Andreessen asks some very pointed questions. What might society look like if we had energy too cheap to meter? If artificial intelligences became ubiquitous and our daily companions? If we could zoom across the solar system in weeks? If every man, woman, and child on Earth was guaranteed access to water, food, shelter, and a world-class education?
Wouldn't that be a future worth living in?
Most of the issues we have nowadays stem from not having enough people working on solutions. The housing shortage is due to a lack of new construction. The energy crisis could conceivably be solved through investment in small nuclear reactors and solar energy. Yet very few people are building. To have faster and more efficient ways of travel, we'll need to chase and build them. And in order to revolutionize education, thousands will be needed to build the solutions.
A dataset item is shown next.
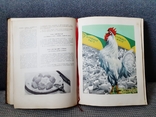 Книга о вкусной и здоровой пище 1954 г., фото №9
To quote Andreessen, it's time for full-throated, unapologetic, support for building new technologies to solve the problems that plague us. It's the only way he thinks we can reboot the American dream. He says the problem is desire. As a society, we need to want these things. We need to be excited about solving our problems and encouraging those who are actively pursuing them.
Of course, building isn’t easy, or we’d already be doing all this. We need to demand more of our political leaders, of our CEOs, our entrepreneurs, our investors. We need to demand more of our culture, of our society. And we need to demand more from one another. We’re all necessary, and we can all contribute, to building.
We need to keep the tradition of building alive. It's the only we'll progress as a civilization. As he puts it:
“Our nation and our civilization were built on production, on building. Our forefathers and foremothers built roads and trains, farms and factories, then the computer, the microchip, the smartphone, and uncounted thousands of other things that we now take for granted, that are all around us, that define our lives and provide for our well-being. There is only one way to honor their legacy and to create the future we want for our own children and grandchildren, and that’s to build.”
We live in one of the most exciting and turbulent times in history. We're at the precipice of a number of major crises that will massively impact the way we live our lives. We need to prepare for them. Most of all, we need to build. We need to figure out plans for a better future and chase them down relentlessly.
Having a vision for the future and working towards it is more important than ever before.
We should all strive to be definite optimists. Pessimists only rarely do things that push the human race forward. Furthermore, we should train ourselves to be definite optimists, to have a clear vision and — as Andreessen put it — start to build.
The future can be an incredible place to live. If we make it so.
Best to build that future ourselves.